Blessed are you when people revile you and persecute you and utter all kinds of evil against you falsely on my account. Rejoice and be glad, for your reward is great in heaven, for in the same way they persecuted the prophets who were before you.”


Today’s Gospel is part of Jesus’ Sermon on the Mount. The Sermon on the Mount is the summary of Jesus’ public ministry. In today’s Gospel, it is about the Beatitudes, which is the summary of Jesus’ Sermon on the Mount. We can see that it is very condensed. This condensation helps us to grasp the core messages of Jesus’ public ministry so that we can love it and internalize it with the purpose of living it out in a simple and spontaneous way.
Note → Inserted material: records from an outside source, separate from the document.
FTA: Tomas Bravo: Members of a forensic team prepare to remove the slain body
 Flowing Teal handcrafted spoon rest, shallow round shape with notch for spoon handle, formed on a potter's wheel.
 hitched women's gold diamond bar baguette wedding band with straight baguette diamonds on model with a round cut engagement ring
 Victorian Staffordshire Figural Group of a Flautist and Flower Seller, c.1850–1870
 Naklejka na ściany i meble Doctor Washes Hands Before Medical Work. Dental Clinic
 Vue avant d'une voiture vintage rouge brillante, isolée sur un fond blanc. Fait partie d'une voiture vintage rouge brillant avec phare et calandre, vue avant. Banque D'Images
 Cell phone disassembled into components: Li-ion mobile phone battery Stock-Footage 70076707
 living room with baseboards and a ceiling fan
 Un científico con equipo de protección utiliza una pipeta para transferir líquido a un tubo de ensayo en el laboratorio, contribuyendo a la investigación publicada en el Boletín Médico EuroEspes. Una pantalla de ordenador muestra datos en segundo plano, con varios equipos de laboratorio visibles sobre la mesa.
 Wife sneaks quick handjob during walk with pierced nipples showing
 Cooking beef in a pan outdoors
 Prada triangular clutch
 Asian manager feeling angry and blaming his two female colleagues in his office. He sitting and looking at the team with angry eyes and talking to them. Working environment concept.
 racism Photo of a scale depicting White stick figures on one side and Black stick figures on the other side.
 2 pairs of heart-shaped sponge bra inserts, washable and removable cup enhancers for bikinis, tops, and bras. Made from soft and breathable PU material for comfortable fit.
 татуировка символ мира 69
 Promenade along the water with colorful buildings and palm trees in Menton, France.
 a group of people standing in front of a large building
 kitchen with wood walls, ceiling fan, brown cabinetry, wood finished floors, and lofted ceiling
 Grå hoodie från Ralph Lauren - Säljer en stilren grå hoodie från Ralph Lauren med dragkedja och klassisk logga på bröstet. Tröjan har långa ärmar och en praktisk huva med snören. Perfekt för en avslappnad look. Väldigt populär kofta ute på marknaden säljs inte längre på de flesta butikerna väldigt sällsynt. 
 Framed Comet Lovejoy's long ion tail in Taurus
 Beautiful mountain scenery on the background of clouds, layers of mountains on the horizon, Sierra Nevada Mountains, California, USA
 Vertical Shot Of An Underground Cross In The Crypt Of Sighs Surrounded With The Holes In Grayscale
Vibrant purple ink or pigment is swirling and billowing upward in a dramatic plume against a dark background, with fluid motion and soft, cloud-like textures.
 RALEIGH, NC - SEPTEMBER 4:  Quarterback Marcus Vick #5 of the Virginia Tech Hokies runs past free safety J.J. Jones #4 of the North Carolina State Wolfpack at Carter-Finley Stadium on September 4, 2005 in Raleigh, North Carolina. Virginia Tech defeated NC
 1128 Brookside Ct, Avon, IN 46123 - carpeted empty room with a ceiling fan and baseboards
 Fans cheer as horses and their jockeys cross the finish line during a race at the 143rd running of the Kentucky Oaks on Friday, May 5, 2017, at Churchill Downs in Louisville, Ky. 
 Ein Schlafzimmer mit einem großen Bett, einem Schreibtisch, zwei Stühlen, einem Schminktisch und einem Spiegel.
The beginning of each of the Beatitudes is “blessed”, and it was translated in The Jerusalem Bible as “happy”. In the full biblical meaning, the word “blessed” includes happy. So both translations are acceptable. Apart from the meaning of blessed and happy, the word also means that we are happy because we are chosen by God; and we are blessed because we are a blessing for other people. How beautiful it is that we are chosen for others’ blessing. It means that we are not only receivers of God’s grace but also givers of God’s grace.

In the Beatitudes, we can see that Jesus is a great teacher, who is different from other teachers. In the Gospel, we do not see Jesus pointing finger at us and saying, “You should do…” Instead, we see and hear Jesus gently telling us, “If you are like this, you are blessed.” He invites us to practice so that we can experience and taste the blessing. Though Jesus stands at the Mount teaching, in fact, he asks us not to be satisfied with what we have heard but to do what has heard so that we can say and testify that how true Jesus’ teaching is. It is a form of prayer.

In this form of prayer, we can pray each of the Beatitudes with our own experience. After finishing the dialogue between one beatitude and our own experience, we then move to the next beatitude, until we finish with all seven beatitudes. The number seven means perfection in the Bible.

Note the paradoxical movements in each of the Beatitudes: “poor in spirit” and “kingdom of heaven”; “mourn” and “comfort”; “meek” and “inheritance”; “hunger and thirst” and “filled”; “merciful” and “receive mercy”; “pure in heart” and “see God”; “peacemakers” and “children of God”; “being persecuted” and “kingdom of heaven”; and “suffering in persecution” and “rejoice and glad”. These paradoxical experiences take place in us and in others.

The question is how we understand these paradoxical movements. Do we see the second part of each beatitude as a reward for the first part of the beatitude? Is this the message that Jesus wants to bring across at the Beatitude? If this is the case, then Jesus would not have been different from other teachers and Christianity would not have been different from other religions. What Jesus invites us is to see the Beatitudes as ideals of human behaviour at every level. He shows us the way out of our inner struggles and sufferings. He wants us to be a whole person in body, mind and spirit. Amen.